- By Amber Corrin
- Nov 19, 2013
As far as technology trends in the federal government go, the use of open source is on a multi-year hot streak. Alongside movements such as the cloud, open source is one of those agency options like an oasis – or perhaps a mirage — in a funding desert, promising savings and efficiencies.
At the Defense Department, the incorporation of open source has happened more slowly than at some other agencies. With its legacy systems built on proprietary technologies, multi-year acquisition cycles and inherent security concerns, opening to the public something as sensitive as intelligence software is not necessarily operationally organic for DOD decision-makers.

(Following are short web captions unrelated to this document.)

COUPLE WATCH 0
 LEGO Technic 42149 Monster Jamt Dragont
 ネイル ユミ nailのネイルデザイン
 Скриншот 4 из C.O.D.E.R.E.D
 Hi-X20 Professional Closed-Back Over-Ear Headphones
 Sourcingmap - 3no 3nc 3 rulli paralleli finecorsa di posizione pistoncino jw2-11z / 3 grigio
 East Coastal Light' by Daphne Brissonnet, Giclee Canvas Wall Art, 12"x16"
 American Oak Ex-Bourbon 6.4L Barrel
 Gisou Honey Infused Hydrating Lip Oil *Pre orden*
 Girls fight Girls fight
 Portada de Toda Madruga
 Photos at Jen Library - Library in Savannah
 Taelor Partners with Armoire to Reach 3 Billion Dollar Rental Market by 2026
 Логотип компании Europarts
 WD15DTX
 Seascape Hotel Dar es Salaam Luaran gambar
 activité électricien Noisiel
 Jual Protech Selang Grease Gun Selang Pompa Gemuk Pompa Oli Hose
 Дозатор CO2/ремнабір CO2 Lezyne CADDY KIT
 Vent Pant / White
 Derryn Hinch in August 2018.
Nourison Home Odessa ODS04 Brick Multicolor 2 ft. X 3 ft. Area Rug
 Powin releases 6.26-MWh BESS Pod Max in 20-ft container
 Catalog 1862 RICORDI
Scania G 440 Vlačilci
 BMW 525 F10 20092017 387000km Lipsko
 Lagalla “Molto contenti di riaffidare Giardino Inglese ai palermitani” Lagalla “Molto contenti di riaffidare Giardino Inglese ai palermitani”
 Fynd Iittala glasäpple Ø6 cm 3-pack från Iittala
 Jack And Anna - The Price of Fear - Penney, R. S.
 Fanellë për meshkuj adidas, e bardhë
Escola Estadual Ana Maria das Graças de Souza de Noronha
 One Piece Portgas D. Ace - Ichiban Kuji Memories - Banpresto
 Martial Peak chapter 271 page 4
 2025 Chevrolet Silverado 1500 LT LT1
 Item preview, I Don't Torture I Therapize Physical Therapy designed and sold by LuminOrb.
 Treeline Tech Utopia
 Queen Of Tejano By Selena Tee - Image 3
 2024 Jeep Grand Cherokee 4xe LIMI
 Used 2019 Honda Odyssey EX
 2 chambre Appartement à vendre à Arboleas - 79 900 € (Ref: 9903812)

But that is exactly what is beginning to happen, as the need to cut costs, share information and buy and fix capabilities faster pushes the military toward solutions where the community, and not the major contractor, is the key partner.
“The problem with proprietary solutions is the limited set of folks who can use them, rather than opening the core components to the community to drive…and just be the experts and the integrators,” said Andy Goodson, program manager for Lockheed Martin’s Distributed Data Framework, a newly open source software search engine for intelligence.
The DDF, which the military’s Distributed Common Ground System relies on for real-time sharing of mission data in combat, previously was available only to DOD users. Lockheed recently donated the DDF’s source code to the Codice Foundation, a nonprofit supporting government open-source projects, opening up the system to U.S. partners and other users who otherwise would have had to buy commercial software licenses.
The DDF now “is about taking the old proprietary approach and moving into newer open-source solutions [with] no licensing costs,” Goodson said. “It used to take months and millions of dollars to make security changes,” but the ability for open source to facilitate quick fixes, including from other members of the community using the system, means the military can more rapidly respond to requests from the field for changes. It also means more mission-related information can be shared between coalition partners.
DCGS is just one instance of DOD’s implementation of open-source technologies, but it is a prime example of where the trend has been used first by the Pentagon: in tactical systems, supporting troops on the ground. But not everyone agrees that open-source should be the new go-to solution there, despite changing fiscal and digital realities.
“Perhaps the most important issue in a major DOD system is reliability, which includes the ability to scale under heavy load as well as a system’s security and information-assurance features. Testing and certification of an end-to-end solution can be extraordinarily expensive, especially if that system is changed frequently,” noted an October white paper from Oracle – a major producer of proprietary software — that warned of the drawbacks of open source. “Commercial software companies have developed highly refined methodologies to perform these tasks. Don’t underestimate the difficulties associated with testing open source software and incorporating required changes into the main development stream, especially when it comes to testing for robustness and reliability under load.”
Despite such hurdles, others argue the open-source movement can only be expected to grow.
“I’d like to think that at this late date, not even Oracle is so brash as to really believe an agency like the DOD… doesn’t know what it’s doing when it comes to open source,” Ed Boyajian, president and CEO of open-source enterprise database company EnterpriseDB, wrote in a Nov. 12 Silicon Angle blog post. “For government, the pressures for change are especially difficult with declining revenues brought on by the Great Recession, indiscriminate cuts due to sequestration, mandates for data center consolidation, and the need to move to newer low cost cloud platforms. The bottom line is that government agencies have to adopt paradigm-changing solutions that open source delivers to meet these challenges.